As Ron Paul writes in Mises.Org, here is a summary of everything that can go wrong:
1. More bureaucracy = larger government = larger room for error = greater taxpayer costs: We’ve all experienced the negative effects of inefficient bureaucracy: the waiting, the errors, the inability to get things done, or to get issues resolved. These inefficiencies are costly, and they are paid for by you in the form of taxes. As Ron Paul explains:
“Imagine how much time would be diverted from serving consumers and growing the economy if every US business had to comply with E-Verify. Also, collecting the relevant information and operating the mandatory E-Verify system will prove costly to taxpayers.”
2. You are denied a job because E-Verify mistakenly identifies you as an illegal immigrant: Fixing a clerical error of this scale would not be an easy fix. Not only would it be costly, it would also be time-consuming. Meanwhile, most employers may not have the time to wait around if they have other qualified candidates. A missed opportunity of this kind can be life-changing.
3. A centralized database with Social Security numbers and other personal identification info is a cyber-hackers dream: The government already does a mediocre job at keeping everyone’s personal information safe; how much worse will it be should E-Verify become a mandatory program accessible to all businesses?
4. E-Verify has the capacity to become a national ID system, which is dangerous in the hands of the wrong administration: Essentially, this would constitute an overreach that would pose a threat to civil liberties.
“These individuals are ignoring the history of government programs sold as only affecting a particular group or being used for a limited purpose being expanded beyond initial targets…For example, Americans were promised that only the wealthiest Americans would ever pay income taxes…E-Verify almost certainly will be used for purposes unrelated to immigration.”

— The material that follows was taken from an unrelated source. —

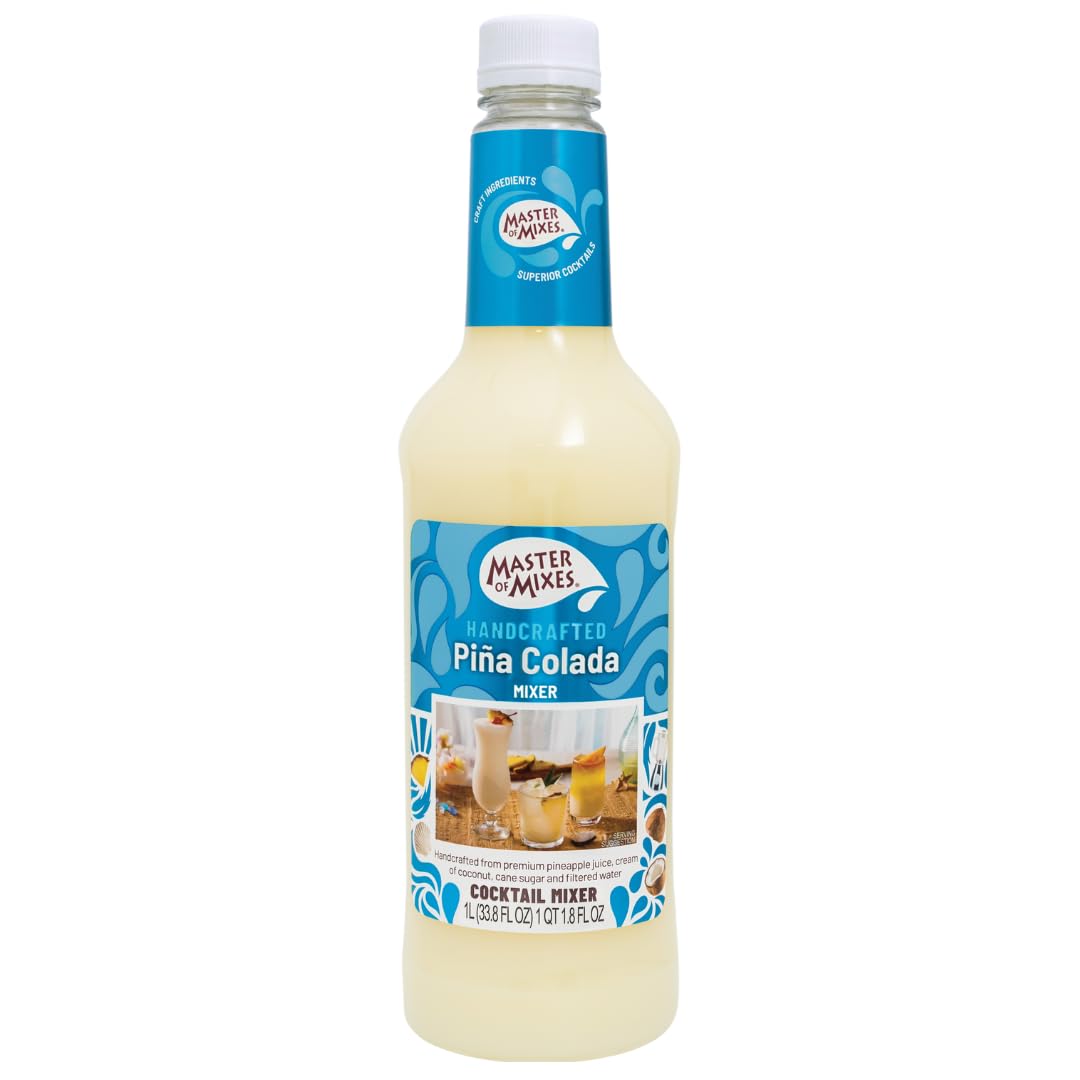 Master of Mixes Cocktail Mixers | Pina Colada | 1 Litre | Cocktails in seconds | Just add Alcohol | Makes 10 cocktails per bottle | Drinks Mix | Slushie Mix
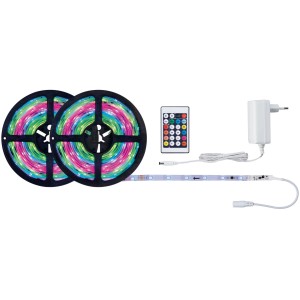 Paulmann SimpLED Motion Set: Striscia LED RGB da 10 m con telecomando e alimentatore.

5. E-Verify can be used to facilitate punitive measures against citizens who displease them: just take a look at the IRS’s history of collusion with those in power to target political opponents. Giving the government permission to implement such a program is to underestimate the potential downside of such a system, a downside that is significantly greater than any upside benefit.
One potential use of E-Verify is to limit the job prospects of anyone whose lifestyle displeases the government. This could include those accused of failing to pay their fair share in taxes, those who homeschool or do not vaccinate their children, or those who own firearms. Unscrupulous government officials could use E-Verify against those who practice antiwar, anti-tax, anti-surveillance, and anti-Federal Reserve activism...Also consider the current moves to outlaw certain types of “politically incorrect” speech, such as disputing the alleged “consensus” regarding climate change.
6. To be required to ask government’s “permission” to be hired, or to hire someone, is characteristic of an “authoritarian society,” not a free democratic society.
“Furthermore, having to ask the federal government for permission before obtaining a job is a characteristic of authoritarian societies, not free ones. History shows that mandatory E-Verify’s use will expand beyond immigration enforcement and could be used as a tool of political repression. All those who value liberty should oppose mandatory E-Verify.”
In the past, we’ve covered several instances and developments in the “war on cash.”
Despite its intention to curb the hiring of illegal immigrants, E-Verify is nothing less than a war on privacy, a war on freedom, and a war on the very principles of free markets.
As a social and economic remedy, E-Verify is a dangerous pill to swallow, as it is both a “cure” and a “poison.”